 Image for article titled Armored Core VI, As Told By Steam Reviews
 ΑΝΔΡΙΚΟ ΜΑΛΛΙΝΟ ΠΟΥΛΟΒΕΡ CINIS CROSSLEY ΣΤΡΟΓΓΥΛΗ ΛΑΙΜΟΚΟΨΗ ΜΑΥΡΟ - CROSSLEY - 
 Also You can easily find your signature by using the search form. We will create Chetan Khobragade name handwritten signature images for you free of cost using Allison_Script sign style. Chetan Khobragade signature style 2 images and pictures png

=======

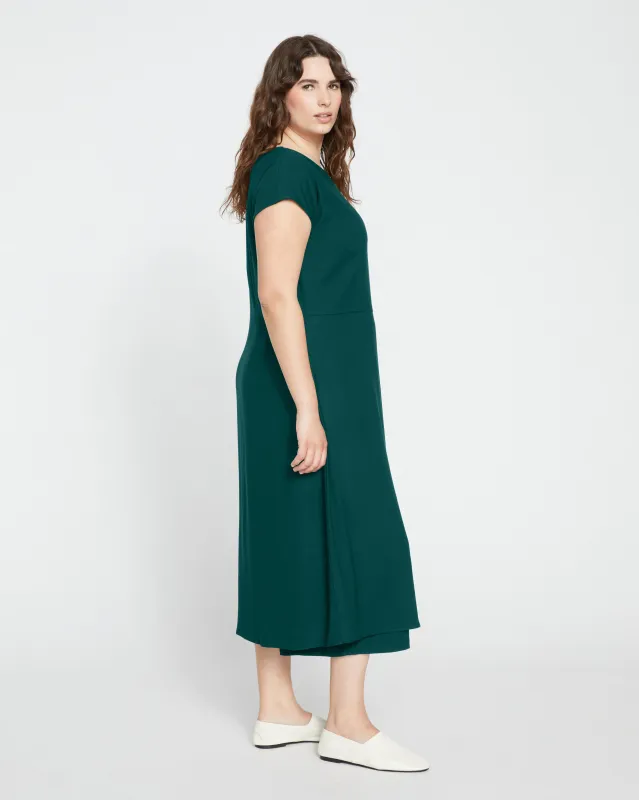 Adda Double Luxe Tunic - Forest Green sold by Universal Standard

=======

Problem statement =>
When you reach the line with "ΑΝΔΡΙΚΟ ΜΑΛΛΙΝΟ ΠΟΥΛΟΒΕΡ" in the records above, start writing out lines exactly, and stop once the line with "Also You can" has been written; include nothing else.

Answer to this exercise =>
 ΑΝΔΡΙΚΟ ΜΑΛΛΙΝΟ ΠΟΥΛΟΒΕΡ CINIS CROSSLEY ΣΤΡΟΓΓΥΛΗ ΛΑΙΜΟΚΟΨΗ ΜΑΥΡΟ - CROSSLEY - 
 Also You can easily find your signature by using the search form. We will create Chetan Khobragade name handwritten signature images for you free of cost using Allison_Script sign style. Chetan Khobragade signature style 2 images and pictures png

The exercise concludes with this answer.